Records for the task Block Start
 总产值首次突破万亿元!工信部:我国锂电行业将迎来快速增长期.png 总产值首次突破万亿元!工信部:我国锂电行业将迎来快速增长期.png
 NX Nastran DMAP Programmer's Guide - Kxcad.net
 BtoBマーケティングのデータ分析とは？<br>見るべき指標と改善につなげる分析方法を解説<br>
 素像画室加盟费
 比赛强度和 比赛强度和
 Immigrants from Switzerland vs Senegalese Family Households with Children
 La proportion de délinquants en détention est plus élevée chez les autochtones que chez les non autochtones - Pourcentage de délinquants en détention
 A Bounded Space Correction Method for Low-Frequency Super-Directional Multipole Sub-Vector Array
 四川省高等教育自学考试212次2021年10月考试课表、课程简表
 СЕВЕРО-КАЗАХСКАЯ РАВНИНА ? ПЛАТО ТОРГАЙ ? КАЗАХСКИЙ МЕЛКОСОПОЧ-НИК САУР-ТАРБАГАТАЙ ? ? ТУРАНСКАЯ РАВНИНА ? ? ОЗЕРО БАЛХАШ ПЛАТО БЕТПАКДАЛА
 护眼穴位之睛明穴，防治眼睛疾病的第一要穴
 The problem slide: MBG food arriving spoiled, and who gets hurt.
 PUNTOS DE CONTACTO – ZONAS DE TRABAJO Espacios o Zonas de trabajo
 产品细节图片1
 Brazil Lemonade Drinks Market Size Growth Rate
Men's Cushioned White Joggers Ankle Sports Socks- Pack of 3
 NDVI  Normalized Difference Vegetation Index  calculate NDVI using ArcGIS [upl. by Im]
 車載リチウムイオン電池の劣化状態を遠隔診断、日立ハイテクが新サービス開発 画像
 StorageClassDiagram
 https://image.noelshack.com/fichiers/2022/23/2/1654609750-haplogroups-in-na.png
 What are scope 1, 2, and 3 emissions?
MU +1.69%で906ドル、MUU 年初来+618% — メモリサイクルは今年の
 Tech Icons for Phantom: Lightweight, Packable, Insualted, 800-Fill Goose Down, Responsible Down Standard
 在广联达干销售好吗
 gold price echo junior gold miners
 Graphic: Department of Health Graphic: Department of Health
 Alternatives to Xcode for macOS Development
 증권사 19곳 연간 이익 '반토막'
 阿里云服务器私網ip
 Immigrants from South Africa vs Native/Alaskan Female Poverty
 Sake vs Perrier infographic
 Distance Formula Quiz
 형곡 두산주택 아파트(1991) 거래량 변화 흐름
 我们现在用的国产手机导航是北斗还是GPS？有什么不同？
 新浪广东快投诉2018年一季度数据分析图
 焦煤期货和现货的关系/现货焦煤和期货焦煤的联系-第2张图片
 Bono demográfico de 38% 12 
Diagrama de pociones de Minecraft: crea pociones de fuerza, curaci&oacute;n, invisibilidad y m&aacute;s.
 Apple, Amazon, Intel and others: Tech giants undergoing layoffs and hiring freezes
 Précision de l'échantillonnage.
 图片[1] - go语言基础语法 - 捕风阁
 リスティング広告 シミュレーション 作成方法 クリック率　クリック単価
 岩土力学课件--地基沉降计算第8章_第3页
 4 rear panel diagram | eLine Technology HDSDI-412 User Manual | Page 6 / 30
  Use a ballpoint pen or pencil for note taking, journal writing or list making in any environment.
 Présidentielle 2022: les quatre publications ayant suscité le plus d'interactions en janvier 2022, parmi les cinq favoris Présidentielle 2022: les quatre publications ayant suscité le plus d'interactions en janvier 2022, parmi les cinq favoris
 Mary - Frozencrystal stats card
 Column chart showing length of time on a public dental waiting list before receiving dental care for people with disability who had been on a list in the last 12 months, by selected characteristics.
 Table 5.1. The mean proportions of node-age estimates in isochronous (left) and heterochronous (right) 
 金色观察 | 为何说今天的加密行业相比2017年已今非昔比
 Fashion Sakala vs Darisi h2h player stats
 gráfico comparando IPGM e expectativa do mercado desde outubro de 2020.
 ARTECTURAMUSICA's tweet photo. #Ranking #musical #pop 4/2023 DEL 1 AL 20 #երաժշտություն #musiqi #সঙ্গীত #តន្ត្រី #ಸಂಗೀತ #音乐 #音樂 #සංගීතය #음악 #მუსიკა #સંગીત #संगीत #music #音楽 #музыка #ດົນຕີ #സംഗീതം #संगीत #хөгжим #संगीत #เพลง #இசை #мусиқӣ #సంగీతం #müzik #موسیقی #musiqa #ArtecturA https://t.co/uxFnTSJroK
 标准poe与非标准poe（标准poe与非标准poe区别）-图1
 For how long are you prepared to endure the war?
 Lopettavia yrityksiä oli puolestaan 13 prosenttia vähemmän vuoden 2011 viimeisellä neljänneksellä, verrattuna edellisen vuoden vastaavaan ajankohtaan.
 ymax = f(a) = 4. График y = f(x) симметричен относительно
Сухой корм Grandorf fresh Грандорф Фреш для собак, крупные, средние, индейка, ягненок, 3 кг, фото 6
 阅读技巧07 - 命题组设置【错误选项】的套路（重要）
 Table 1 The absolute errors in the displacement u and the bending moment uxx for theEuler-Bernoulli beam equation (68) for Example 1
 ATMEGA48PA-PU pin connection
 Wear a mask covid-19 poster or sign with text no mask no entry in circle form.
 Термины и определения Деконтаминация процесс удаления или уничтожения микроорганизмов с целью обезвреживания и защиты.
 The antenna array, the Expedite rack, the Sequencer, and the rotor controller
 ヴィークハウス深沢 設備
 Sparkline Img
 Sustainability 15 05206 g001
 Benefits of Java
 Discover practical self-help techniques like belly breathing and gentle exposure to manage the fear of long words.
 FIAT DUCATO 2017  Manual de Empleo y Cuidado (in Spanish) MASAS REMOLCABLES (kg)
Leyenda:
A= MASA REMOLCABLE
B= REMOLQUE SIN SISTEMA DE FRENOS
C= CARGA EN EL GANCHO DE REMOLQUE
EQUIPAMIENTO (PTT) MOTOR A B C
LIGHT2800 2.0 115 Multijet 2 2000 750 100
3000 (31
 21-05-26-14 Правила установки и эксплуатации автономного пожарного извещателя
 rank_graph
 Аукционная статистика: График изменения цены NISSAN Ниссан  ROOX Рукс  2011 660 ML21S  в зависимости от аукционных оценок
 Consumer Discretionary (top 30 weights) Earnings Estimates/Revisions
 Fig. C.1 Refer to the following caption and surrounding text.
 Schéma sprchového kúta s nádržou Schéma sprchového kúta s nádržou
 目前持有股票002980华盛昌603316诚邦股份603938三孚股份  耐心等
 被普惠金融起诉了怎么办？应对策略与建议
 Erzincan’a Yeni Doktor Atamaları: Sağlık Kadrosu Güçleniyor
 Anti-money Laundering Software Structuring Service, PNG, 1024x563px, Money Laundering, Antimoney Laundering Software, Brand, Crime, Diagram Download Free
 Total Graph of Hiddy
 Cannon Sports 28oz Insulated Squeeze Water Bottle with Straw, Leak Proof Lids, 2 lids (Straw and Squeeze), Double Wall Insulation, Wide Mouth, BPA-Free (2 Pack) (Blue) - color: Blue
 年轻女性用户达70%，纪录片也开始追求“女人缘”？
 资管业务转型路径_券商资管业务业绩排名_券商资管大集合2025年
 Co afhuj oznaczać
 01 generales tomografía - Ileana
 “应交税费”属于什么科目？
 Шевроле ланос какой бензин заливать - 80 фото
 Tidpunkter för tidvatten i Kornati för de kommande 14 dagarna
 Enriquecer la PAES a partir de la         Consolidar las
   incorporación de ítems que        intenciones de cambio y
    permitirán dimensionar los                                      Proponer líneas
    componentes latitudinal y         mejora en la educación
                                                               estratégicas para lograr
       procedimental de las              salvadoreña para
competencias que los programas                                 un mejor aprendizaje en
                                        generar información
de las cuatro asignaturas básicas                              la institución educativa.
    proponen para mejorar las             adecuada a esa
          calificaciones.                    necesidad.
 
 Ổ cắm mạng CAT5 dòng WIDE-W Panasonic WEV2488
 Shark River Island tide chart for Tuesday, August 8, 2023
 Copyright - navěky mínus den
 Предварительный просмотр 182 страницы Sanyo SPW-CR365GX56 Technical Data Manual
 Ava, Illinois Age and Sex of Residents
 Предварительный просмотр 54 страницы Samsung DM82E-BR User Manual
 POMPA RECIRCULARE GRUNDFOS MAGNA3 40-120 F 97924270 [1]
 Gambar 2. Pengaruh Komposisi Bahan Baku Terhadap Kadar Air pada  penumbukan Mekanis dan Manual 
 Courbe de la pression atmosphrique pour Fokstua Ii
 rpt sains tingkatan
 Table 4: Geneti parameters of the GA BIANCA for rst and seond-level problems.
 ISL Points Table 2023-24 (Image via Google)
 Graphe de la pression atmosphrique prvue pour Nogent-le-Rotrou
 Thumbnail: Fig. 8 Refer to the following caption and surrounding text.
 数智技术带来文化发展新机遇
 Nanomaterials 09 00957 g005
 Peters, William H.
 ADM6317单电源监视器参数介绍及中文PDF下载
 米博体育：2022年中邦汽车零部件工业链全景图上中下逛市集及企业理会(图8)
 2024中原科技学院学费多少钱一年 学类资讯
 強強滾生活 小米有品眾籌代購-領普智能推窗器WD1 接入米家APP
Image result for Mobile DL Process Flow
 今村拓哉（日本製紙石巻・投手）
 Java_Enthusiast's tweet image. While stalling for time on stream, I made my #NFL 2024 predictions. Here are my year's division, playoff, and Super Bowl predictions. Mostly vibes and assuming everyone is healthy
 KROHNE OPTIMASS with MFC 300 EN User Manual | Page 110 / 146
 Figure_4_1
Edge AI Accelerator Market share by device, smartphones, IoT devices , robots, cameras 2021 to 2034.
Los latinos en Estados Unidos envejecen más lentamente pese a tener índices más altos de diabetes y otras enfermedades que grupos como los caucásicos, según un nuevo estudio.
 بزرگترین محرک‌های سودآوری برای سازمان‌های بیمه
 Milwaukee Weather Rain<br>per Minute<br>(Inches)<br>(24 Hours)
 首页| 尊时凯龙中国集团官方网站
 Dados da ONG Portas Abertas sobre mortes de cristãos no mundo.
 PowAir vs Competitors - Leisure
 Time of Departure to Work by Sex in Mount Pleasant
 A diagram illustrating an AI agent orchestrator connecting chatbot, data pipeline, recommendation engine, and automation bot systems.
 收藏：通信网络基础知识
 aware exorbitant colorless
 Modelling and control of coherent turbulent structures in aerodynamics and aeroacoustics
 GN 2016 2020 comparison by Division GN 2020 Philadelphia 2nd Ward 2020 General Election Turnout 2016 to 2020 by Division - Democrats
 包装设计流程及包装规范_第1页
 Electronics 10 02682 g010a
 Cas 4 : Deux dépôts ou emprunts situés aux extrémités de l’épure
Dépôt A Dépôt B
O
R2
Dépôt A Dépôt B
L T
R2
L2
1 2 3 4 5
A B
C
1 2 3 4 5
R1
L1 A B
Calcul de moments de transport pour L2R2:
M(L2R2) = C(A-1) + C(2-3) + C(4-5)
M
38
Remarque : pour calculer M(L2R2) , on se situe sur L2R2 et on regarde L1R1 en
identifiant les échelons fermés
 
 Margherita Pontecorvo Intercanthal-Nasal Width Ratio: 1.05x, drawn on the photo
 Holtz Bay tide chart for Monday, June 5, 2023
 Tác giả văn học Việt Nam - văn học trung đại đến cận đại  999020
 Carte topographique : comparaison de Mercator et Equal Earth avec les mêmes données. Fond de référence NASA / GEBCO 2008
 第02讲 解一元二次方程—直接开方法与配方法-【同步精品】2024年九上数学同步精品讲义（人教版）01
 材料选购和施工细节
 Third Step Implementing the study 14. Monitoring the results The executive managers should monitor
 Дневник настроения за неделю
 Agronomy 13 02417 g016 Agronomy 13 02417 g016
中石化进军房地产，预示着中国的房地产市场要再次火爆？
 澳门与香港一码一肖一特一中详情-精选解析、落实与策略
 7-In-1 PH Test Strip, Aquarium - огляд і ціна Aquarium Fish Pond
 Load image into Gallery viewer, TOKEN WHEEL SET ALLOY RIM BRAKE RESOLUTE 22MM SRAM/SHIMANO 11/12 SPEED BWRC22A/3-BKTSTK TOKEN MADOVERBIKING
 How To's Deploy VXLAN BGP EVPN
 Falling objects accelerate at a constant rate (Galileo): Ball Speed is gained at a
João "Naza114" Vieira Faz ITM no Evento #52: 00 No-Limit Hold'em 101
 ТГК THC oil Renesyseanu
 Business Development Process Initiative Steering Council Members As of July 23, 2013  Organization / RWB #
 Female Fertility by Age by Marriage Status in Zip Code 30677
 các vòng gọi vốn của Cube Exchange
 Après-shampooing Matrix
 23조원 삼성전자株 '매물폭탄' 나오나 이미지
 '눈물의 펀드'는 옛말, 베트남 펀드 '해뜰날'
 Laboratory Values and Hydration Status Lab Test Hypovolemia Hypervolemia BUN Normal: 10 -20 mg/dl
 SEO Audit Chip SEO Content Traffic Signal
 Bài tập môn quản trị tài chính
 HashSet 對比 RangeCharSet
Records for the task Block End
**Task description:**
Please extract exactly, and only, the lines from the line containing "베트남 펀드 '해뜰날'" through the last line of the records.

**Task response:**
 '눈물의 펀드'는 옛말, 베트남 펀드 '해뜰날'
 Laboratory Values and Hydration Status Lab Test Hypovolemia Hypervolemia BUN Normal: 10 -20 mg/dl
 SEO Audit Chip SEO Content Traffic Signal
 Bài tập môn quản trị tài chính
 HashSet 對比 RangeCharSet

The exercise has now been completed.